6

Set 1: Central Ideas (Advanced)

Explanation

Answer: B

PASSAGE

The following text describes the 'Efficient Market Hypothesis' (EMH). The Efficient Market Hypothesis (EMH) asserts that financial markets are 'informationally efficient,' meaning that asset prices reflect all available information. Consequently, it should be impossible to consistently 'beat the market' on a risk-adjusted basis, since market prices should only react to new information. Critics point to phenomena like asset bubbles and crashes—instances where prices deviate significantly from intrinsic value—as evidence that behavioral psychology and irrational exuberance play a larger role than EMH admits.

What is the core implication of the Efficient Market Hypothesis regarding investment strategy?
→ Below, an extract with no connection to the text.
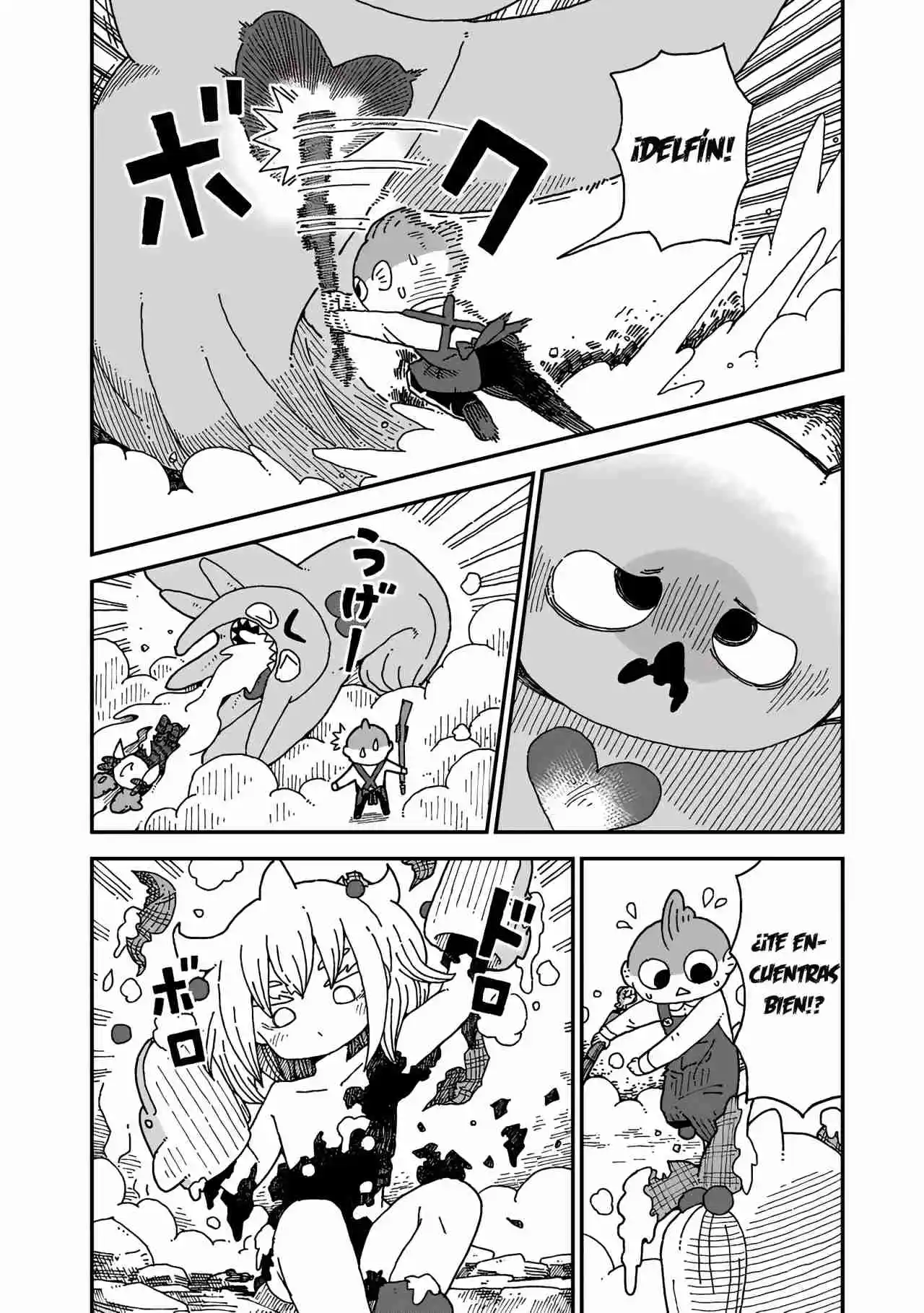 Shark Girl - Capítulo 28 - Página 13 - LectorTMOo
A. Investors can easily predict future price movements by analyzing past trends
B. It is impossible to consistently outperform the market because prices already reflect all data✓ Correct
C. Asset bubbles are a frequent and predictable occurrence
D. Government regulation is necessary to ensure fair pricing

Detailed Explanation

Choice B is correct. The text states: 'it should be impossible to consistently beat the market... since market prices should only react to new information.'

Key Evidence:

• "impossible to consistently 'beat the market'"

• "asset prices reflect all available information"

Why others are wrong: A (Opposite (Technical Analysis view, rejected by EMH)), C (Opposite (Critics point to bubbles as evidence AGAINST EMH)), D (Not mentioned).